RECORDS TO PROCESS section start

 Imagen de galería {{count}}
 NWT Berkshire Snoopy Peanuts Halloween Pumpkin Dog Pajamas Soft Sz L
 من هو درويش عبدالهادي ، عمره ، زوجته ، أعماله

RECORDS TO PROCESS section end
RECORDS TO PROCESS section start

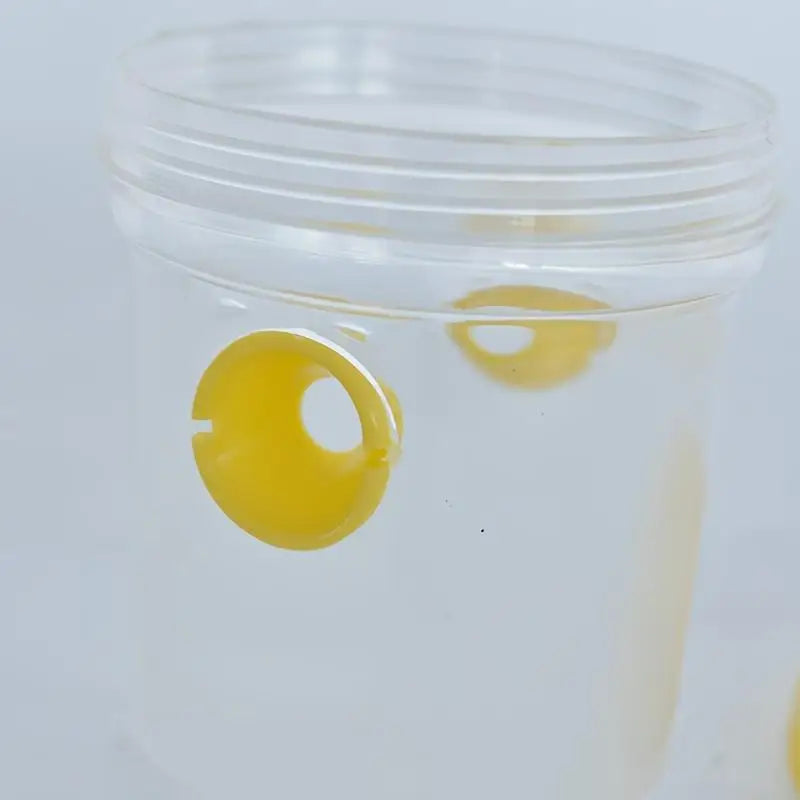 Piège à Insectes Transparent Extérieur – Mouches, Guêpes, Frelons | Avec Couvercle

RECORDS TO PROCESS section end

* EXERCISE GOAL:
The entries above hold a line with "Imagen de galería" and a later line with "من هو درويش". Write out exactly those lines and all lines between, nothing more.

* EXERCISE SOLUTION:
 Imagen de galería {{count}}
 NWT Berkshire Snoopy Peanuts Halloween Pumpkin Dog Pajamas Soft Sz L
 من هو درويش عبدالهادي ، عمره ، زوجته ، أعماله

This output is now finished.